These days, the term "plus-size" seems to be assigned to models with the slightest of curves, but it turns out there's a reason for distinguishing between straight-size and plus-size in the industry.
Jennie Runk, H&M's now-infamous plus-size swimwear model, broke it down for everyone in an essay she penned for BBC:
"While the idea of separating women into size categories seems stigmatising, clothing companies do this in order to offer their customers exactly what they're looking for, making it easier for people of all sizes to find clothes that fit their bodies as well as their own unique stylistic expression."
At 5 feet 9 inches, Jennie herself maintains a US size 10. She writes that she was asked to either lose or gain weight when she was discovered in order to fit into the fashion industry's bilateral system (she chose the latter). Aside from gaining weight, some other plus-size models have reported using padding to look "big" enough for clients. This extreme positioning doesn't always bode well for the ladies in front of the camera.

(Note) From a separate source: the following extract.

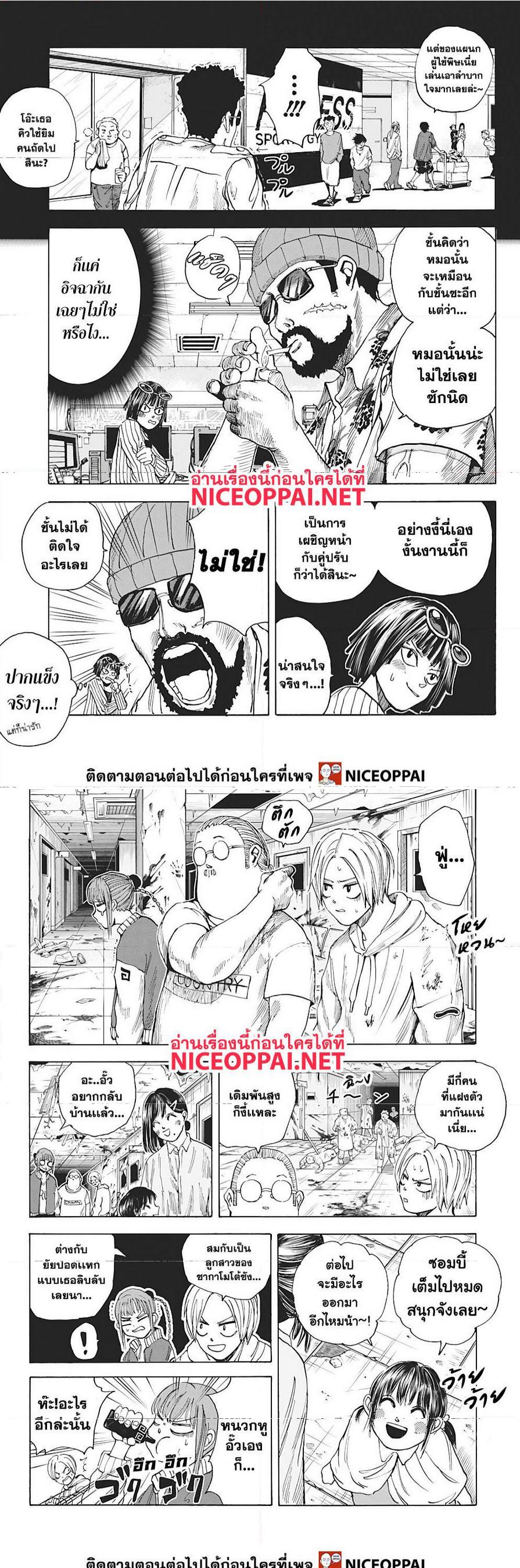 Sakamoto Days Chap 10 - Next Chap 11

"People assume 'plus' equates to fat, which in turn equates to ugly," Jennie says, adding, "There are also negative connotations associated with thinness. Just as bigger women get called fat or chunky, thin women get called gangly or bony."
With size 0 and size 10 models dominating the pages of fashion glossies (with the former in the lead by a mile), will there ever be a place for an average-size model who doesn't have to gain or lose weight to maintain a career?